Russland will seinen Einfluss durch Assad nicht verlieren und hat zudem einen wichtigen Flottenstützpunkt in Syrien. China, immer Energie hungriger, baut ebenfalls auf Assad, während die USA die Saudis als einflussreichste Macht in der Region präferieren und keinesfalls dem Iran stärkeren Einfluss zubilligen wollen, ganz im Gegenteil. In dieser Gemengelage werden die Israelis zu Recht nervös, sie fürchten um ihre Existenz. Vor diesem Hintergrund und der Tatsache, dass der UN-Sicherheitsrat durch die Russen bei allen Aktionen blockiert wird, haben sich die G 20 Staaten zu einem Wirtschaftsgipfel in St. Petersburg getroffen, um gemeinsam neue Spielregeln im internationalen Bankenwesen aufzustellen, um die verdeckten Kapitalgeschäfte in Billionenhöhe unter staatliche Kontrollen zu bringen, damit der Beinahe-Zusammenbruch des globalen Finanzwesens durch irrsinnige Spekulationen mit verheerenden Folgen für die gesamte Weltwirtschaft sich nicht wiederholen kann, wie 2008 und 2009 geschehen. 

Angesichts der über 1400 Toten durch Giftgas in Syrien wurde dieser Gipfel von der Initiative Obamas überschattet, auch ohne das Mandat des Weltsicherheitsrates militärisch in Syrien einzugreifen. Dies stößt jedoch auf die massive Ablehnung von Russlands Präsident Putin, der seinerseits die Aufständischen für die Giftgasattacken verantwortlich macht, vermeintlich um die USA zu militärischen Aktionen gegen Assad zu bewegen. Wer die beiden mächtigsten Männer der Welt auf dem Gipfel beobachtet hat, fühlt sich an die Zeiten des Kalten Krieges erinnert. Wenn es nicht unbedingt notwendig war, würdigten sie sich keines Blickes. 

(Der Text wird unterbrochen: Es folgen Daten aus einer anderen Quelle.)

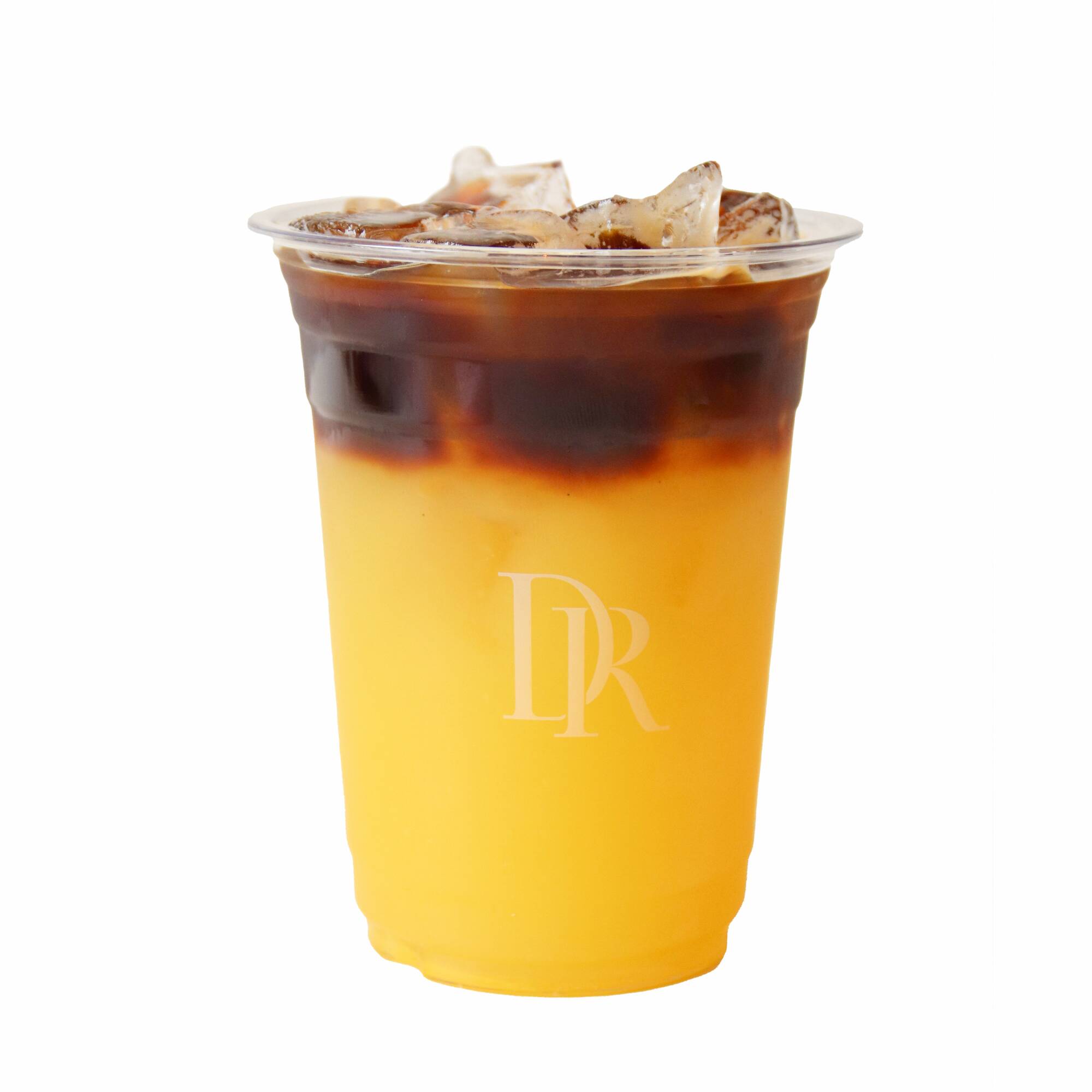 Orange Coffee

Obama ist fest entschlossen durch Raketenbeschuss die militärische Macht Assads zu schwächen, er wartet nur noch auf die Unterstützung des amerikanischen Abgeordnetenhauses, die er wohl am Montag kommender Woche bekommen wird. Am Dienstag will er sich in einer Rede an die amerikanische Nation wenden und unmittelbar danach ist mit dem Angriff von Marschflugkörpern von amerikanischen Kriegsschiffen, die im östlichen Mittelmeer zusammen gezogen worden sind, zu rechnen. Über den Erfolg dieses Militärschlages sind sich die Experten selbst in den USA nicht einig. Viele sehen darin keine Möglichkeit, die Situation der syrischen Bevölkerung zu verbessern, eher das Gegenteil, da der Iran als Verbündeter mit Vergeltungsmaßnahmen droht und Syrien mit Raketenangriffen auf Israel antworten will, so die Militärpropaganda. 

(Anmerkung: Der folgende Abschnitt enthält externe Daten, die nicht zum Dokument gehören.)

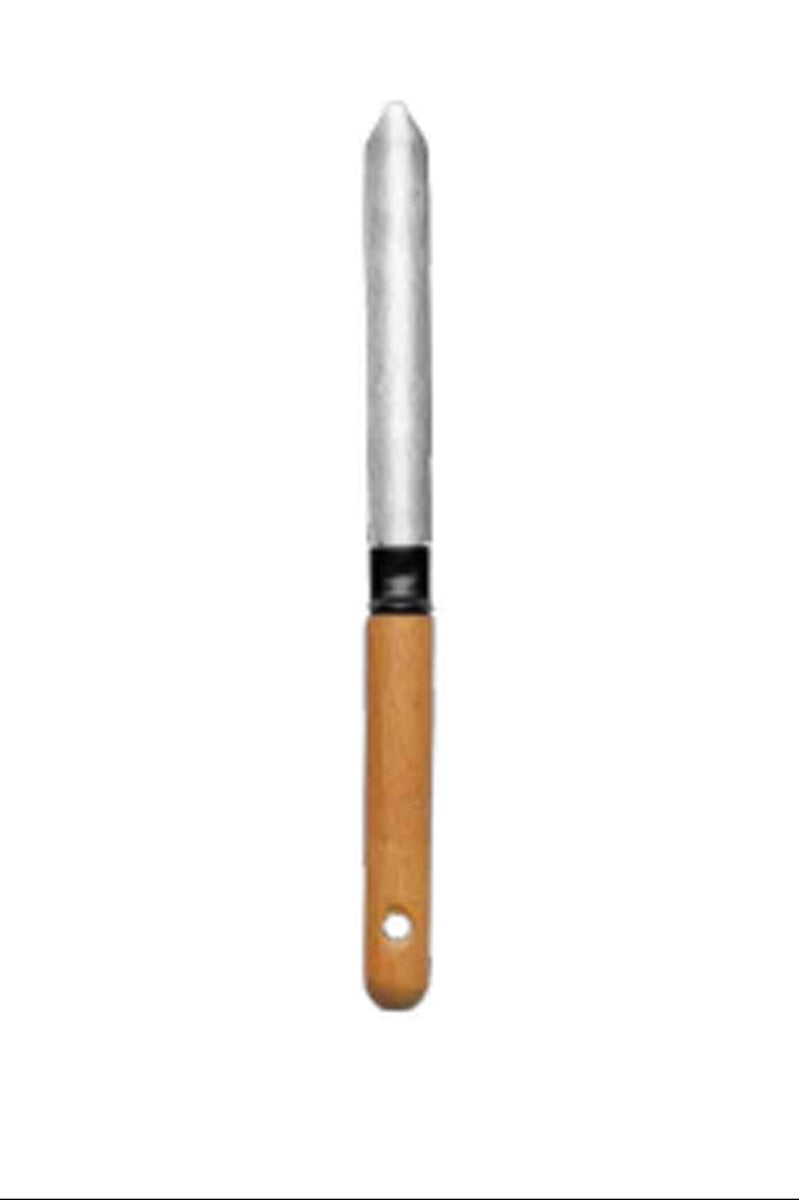 Ahşap Saplı Maxi Oyacak - LFX137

Dies allein zeigt schon wie dramatisch die Lage ist, und welche Reaktionen darauf folgen werden, ist unkalkulierbar. Die europäischen Staaten sind sich bei der Frage eines militärischen Eingreifens uneins. Während Frankreich die Amerikaner unterstützen wird, setzen die meisten EU-Länder weiterhin auf eine diplomatische Lösung, so wie auch die Bundesregierung. Diese kann aber nur mit Russland zustande kommen und solange Putin sich weigert, selbst wirtschaftliche Sanktionen durch die UNO mit zu beschließen, wird es bei dieser Patt-Situation bleiben, Assad wird weiterhin seine Bevölkerung umbringen und, was am meisten befürchtet wird, vor neuen Giftgasattacken nicht zurückschrecken. Dies ist das Dilemma in dem der Syrienkonflikt steckt.

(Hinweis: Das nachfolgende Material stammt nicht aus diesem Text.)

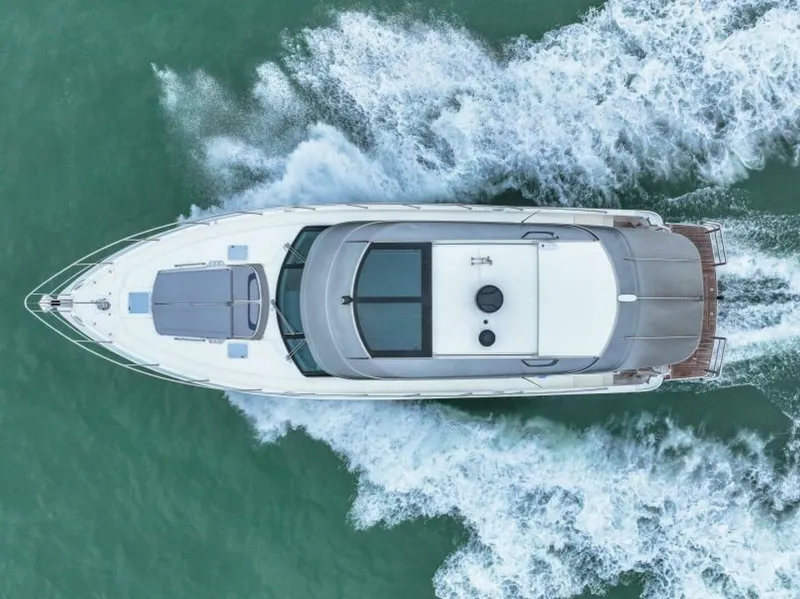 Slide: The Image of Riviera 5400 Sport Yacht Platinum Edition 2021 - 5373949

Derweil sterben immer mehr Menschen, der Flüchtlingsstrom nimmt rapide zu, mit der Folge, dass die Nachbarstaaten zusehends destabilisiert werden, da deren Bevölkerungen nicht mehr gewillt sind, diesen enormen Belastungen ausgesetzt zu werden. Bei Abwägung aller Umstände kommt man nicht umhin festzustellen, dass ein militärischer Angriff ebenso problematisch ist, wie das Verharren in dem momentanen Zustand der erfolglosen Diplomatie, solange Putin nicht bereit ist an einer Verhandlungslösung des Syrienkonflikts konstruktiv mitzuwirken und seinen Einfluss auf Assad geltend zu machen, um eine politische Lösung herbei zu führen, indem dieser seinen Machtanspruch aufgibt, um so alle politischen Gruppierungen an den Verhandlungstisch zu bringen. 

Obama glaubt an eine solche Verhandlungslösung nicht mehr, zumindest nicht mehr ohne durch den Angriff auf militärische Einrichtungen das Assad-Regime empfindlich zu schwächen und um dadurch die Giftgasattacken zukünftig zu verhindern. Welches hohe Risiko er dabei eingeht, wird allein schon dadurch klar, dass er zunächst die Abgeordneten um ihre Zustimmung bittet, obwohl er als Präsident die alleinige Befehlsbefugnis hat. Es wird ein schwieriger Gang werden, wenn in der nächsten Woche die Marschflugkörper zum Einsatz kommen. 

Dabei sollte allen klar sein, dass es nur darum gehen kann, der geschundenen Bevölkerung endlich eine Chance zu ermöglichen, ihr Leid zu beenden. Sollte allerdings zu dem entsetzlichen Leiden ein noch weitaus größeres durch die militärische Intervention hinzukommen, dann Gnade uns Gott, denn dann sind wir alle betroffen.